Demonstrating the strength of strategic advocacy, Newtown Precinct Business Association (NPBA) worked with the local community to halt clearways along King Street - an anticipated impact of the Westconnex Road Project that could have devastated businesses in the iconic commercial strip.
In December 2014, owing to NPBA and local concerns, a small team began accumulating information on how the Westconnex project might impact the area as public information was not readily available.
Realising 24-hour clearways along King St was a potential impact of the motorway development, a combined effort by the NPBA and local direct action groups saw a major protest march on the issue in August 2015.
The protest engaged 1,500 concerned locals, 200 local businesses posted ‘Save Newtown Stop Westconnex’ stickers in their shop fronts and public awareness increased - resulting in 7,000 campaign signatures and forcing a parliamentary debate regarding Westconnex in the area.
NPBA’s Simon Shaw says the precinct benefited greatly from organising the protest and the general campaign against Westconnex, even if many of the local businesses weren’t initially across the campaign.
“Many locals were oblivious to Westconnex and it’s potential impact. It was our duty as the local chamber to protect their interests whether they were aware of the project or not,” he says.
“The campaign was a testament to the resilience of the Newtown precinct to work together in a community led advocacy campaign.

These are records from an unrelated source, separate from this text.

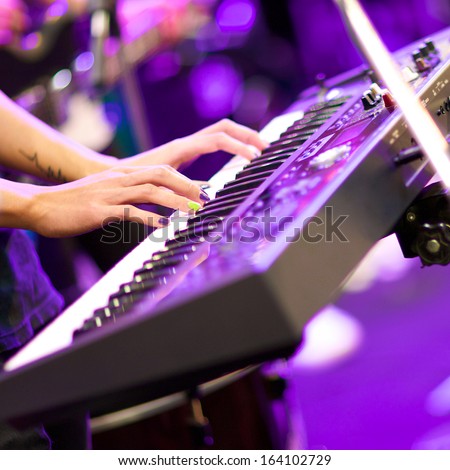 hands of musician playing keyboard in concert with shallow depth of field, focus on right hand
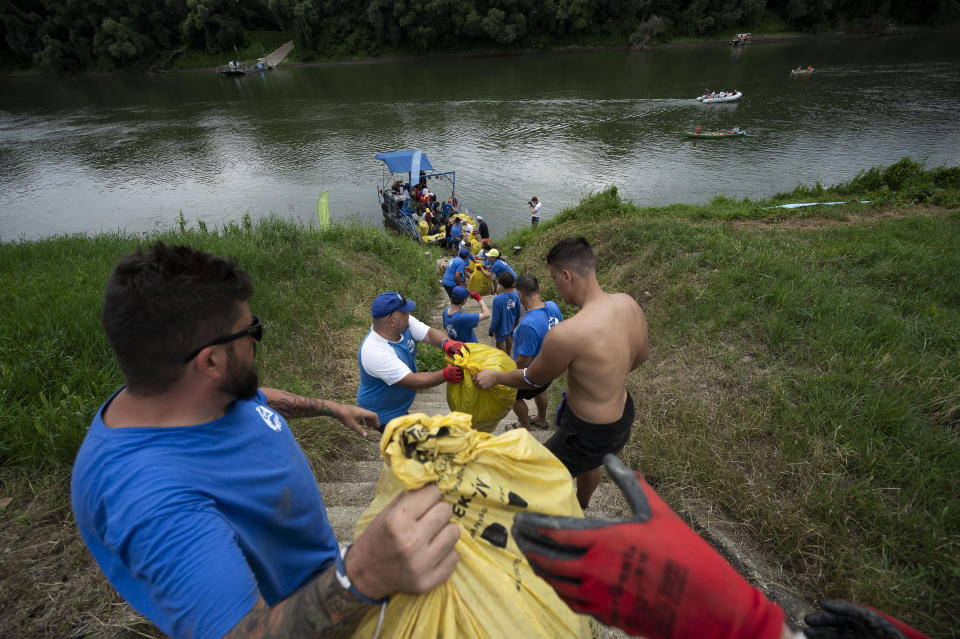 Volunteers stand in a live chain to make it easier to dump the rubbish collected that day on the beach while taking part in the Plastic Cup event near Tiszaroff, Hungary, Tuesday, Aug. 1, 2023. Since its start in 2013, participants in the annual competition — which offers a prize for those who collect the most trash each year — have gathered more than 330 tons (around 727,000 pounds) of waste from the Tisza and other Hungarian waters. (AP Photo/Denes Erdos)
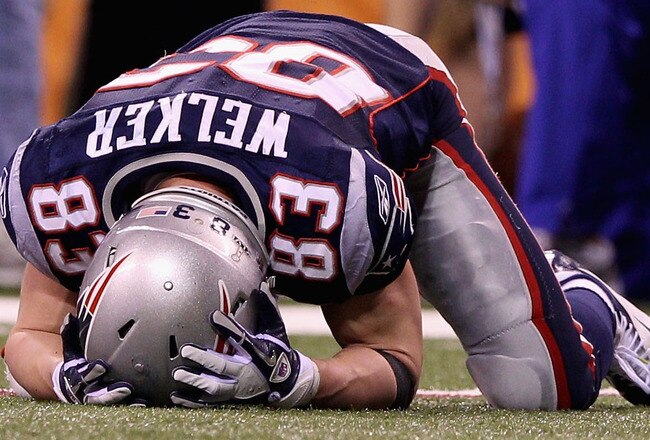 INDIANAPOLIS, IN - FEBRUARY 05:  Wes Welker #83 of the New England Patriots lays on the ground in the fourth quarter during Super Bowl XLVI at Lucas Oil Stadium on February 5, 2012 in Indianapolis, Indiana.  (Photo by Elsa/Getty Images)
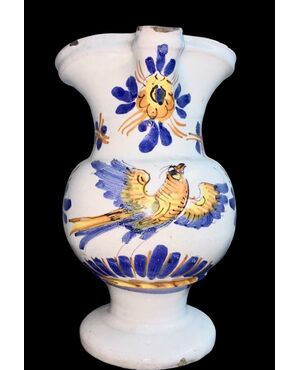Maiolica jug in compendiario style, decorated with a bird and vegetal motifs. Urbania manufacture.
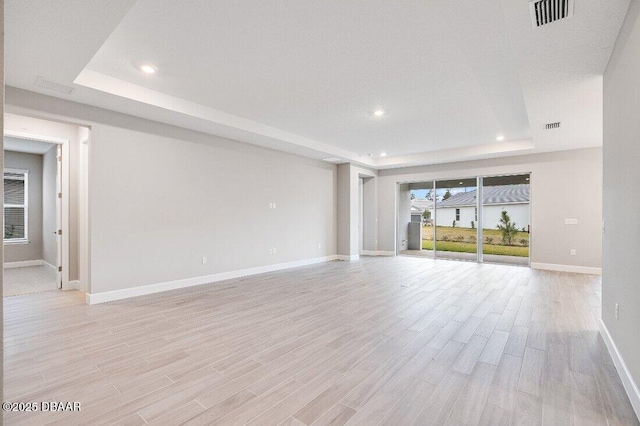 unfurnished living room with a raised ceiling and light hardwood / wood-style flooring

This is evident in many local campaigns such as the recent voluntary adoption of local out restrictions.”
Although increasing NPBA membership was not an objective, by rallying the community against Westconnex the profile of the NPBA increased and the business association’s engagement rates rose.

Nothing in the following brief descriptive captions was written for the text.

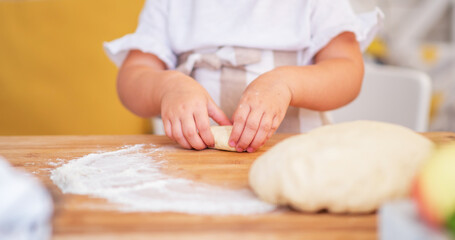 Obraz na płótnie Canvas Children's hand making cookies. Little cute girl in preparing cookies for christmas.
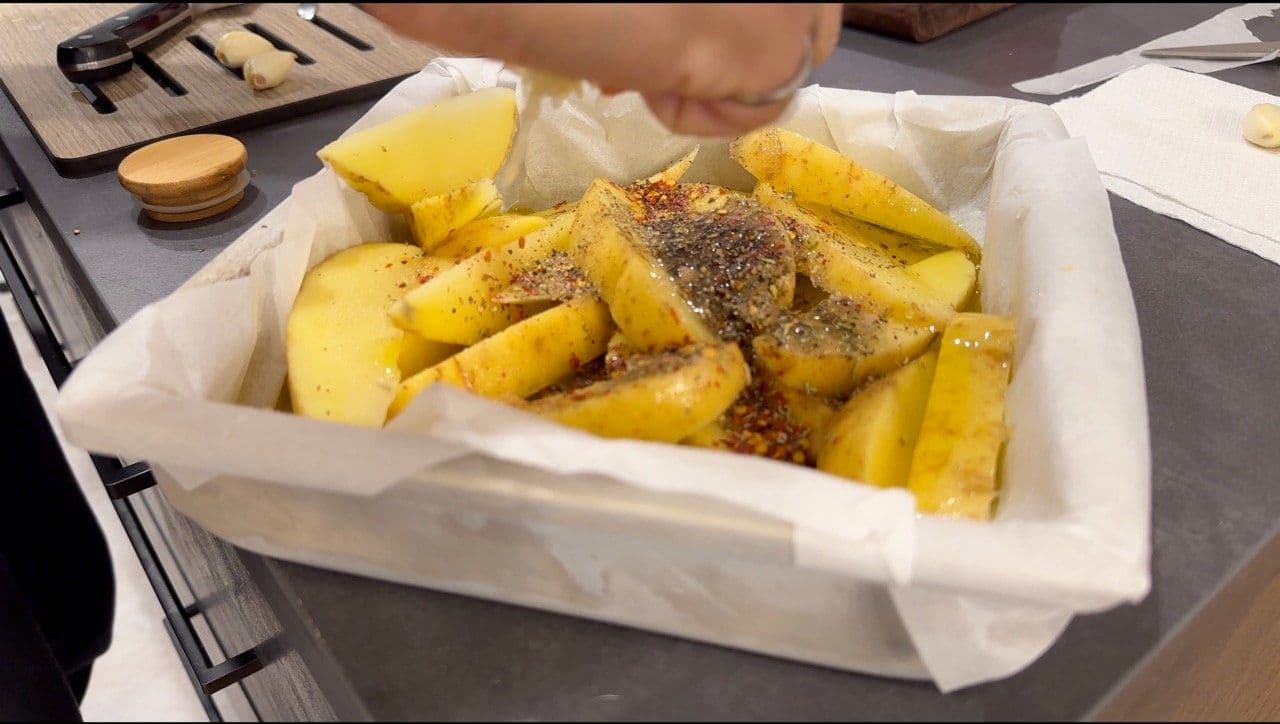 Baked Greek lemon potatoes in a white container, golden and seasoned with herbs and spices.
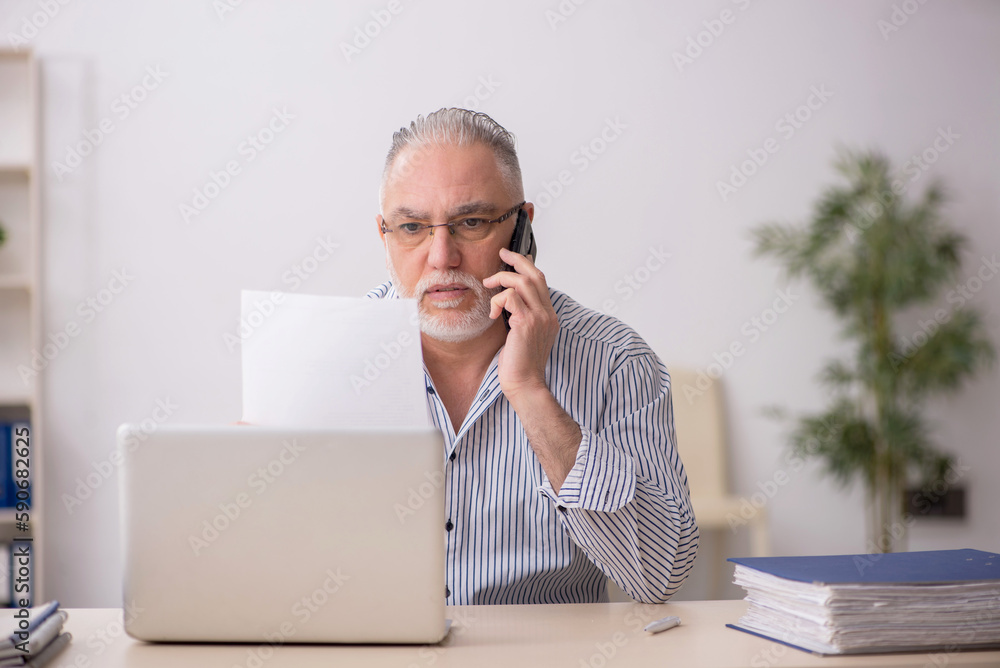 Old male employee working at workplace Old male employee working at workplace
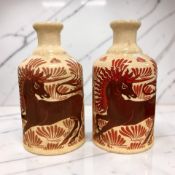 A pair of crackle glaze bottle vases decorated with William de Morgan unicorn motif, height 15cm.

“One of the key services we provide is advocacy for the local business community. Our remit is to promote and protect our constituents and ‘saving king st’ from 24 hour clearways is one of the several different examples of how we have, and will continue to, protect the broader interests of the precinct,” Simon says.
Another major outcome of the NPBA’s campaign was the inclusion of the ‘King St Gateway’ as a requirement for Westconnex’s planning approval of Stage two of the motorway project - which includes the St Peters Interchange. This gateway is a project that will steer traffic away from the southern end of King St and make it more difficult for traffic to use King St as a thoroughfare - a key outcome to protect King St from increases in traffic volume which would lead to potential 24/7 clearways.
At present geotesting is taking place in and around Sydney Park Road, Euston Road and Mcevoy Street and the NPBA anticipate this is for the purpose of easing the ‘post-interchange’ swelling of traffic onto local roads. Despite the business association's initial win, the campaign to limit Westconnex’s impact on the Newtown business and local community is far from over.
“We are now back preparing for the design announcements and imminent Environmental Impact Statement for Stage 3. This stage is the construction of the tunnel connecting the M4 and M5 and will more than likely follow parts of King St underground. We have met with all three levels of government to express our concerns over limited information regarding the impact the construction period will have on our precinct. We have also met with Sydney Motorway Corporation to request their cooperation for information exchange and community engagement,” Simon says.
“The real campaigning will commence when the designs are announced and we have real information on how it will impact our local business community.”